EXPLORE OTHER'S PATHS
Be sincere - when you do invite people to share their views, you must mean it.

When most people become furious, we need to become curious by asking: "Why would a reasonable, rational, and decent person say this?"

Power listening tool: AMPP: Ask, Mirror, Paraphrase, Prime If you still disagree, remember your ABCs: Agree, Build, Compare.

MOVE TO ACTION
Separate dialogue from decision making. Make it clear how decisions will be made - who will be involved and why.

Deciding what decisions to turn over and when to do it is part of their stewardship.

When the line of authority isn't clear, use your best dialogue skills to get meaning into the pool. Jointly decide how to decide.

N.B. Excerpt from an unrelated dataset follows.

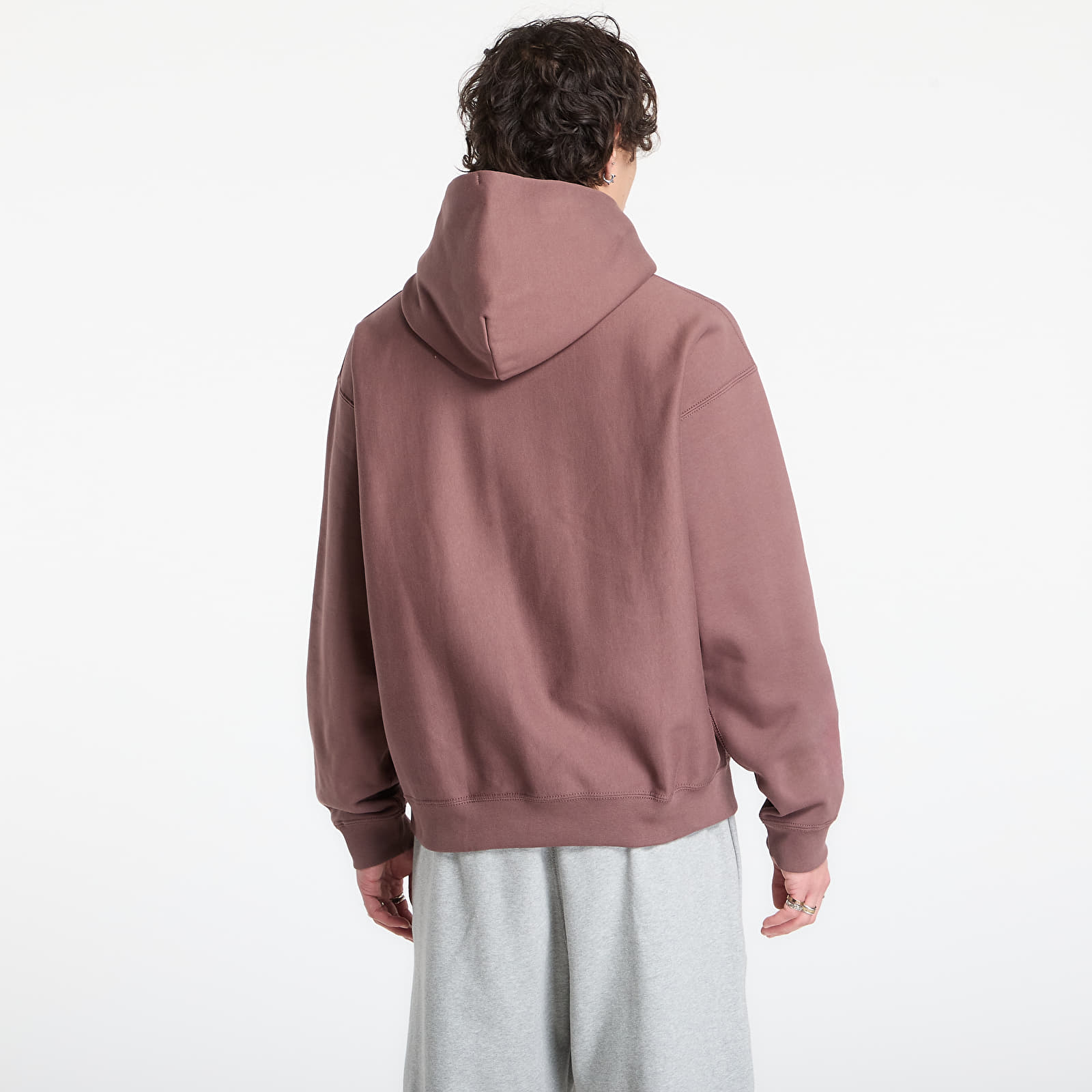 Puloverji   Nike Solo Swoosh Men's Pullover Hoodie Tattoo/ White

Four methods of decision making are: Command, Consult, Vote, Consensus. How do you choose? Ask these questions:
  1. Who cares? - don't involve people who don't care

  2. Who knows? - try not to involve people who contribute no new information

  3. Who must agree?

  4. How many people is it worth involving? - your goal should e to involve the fewest number of people while still considering the quality of the decision along with the support that people will give it
After the decision is made, to execute, ask: Who? Does what? By when? How will you follow up?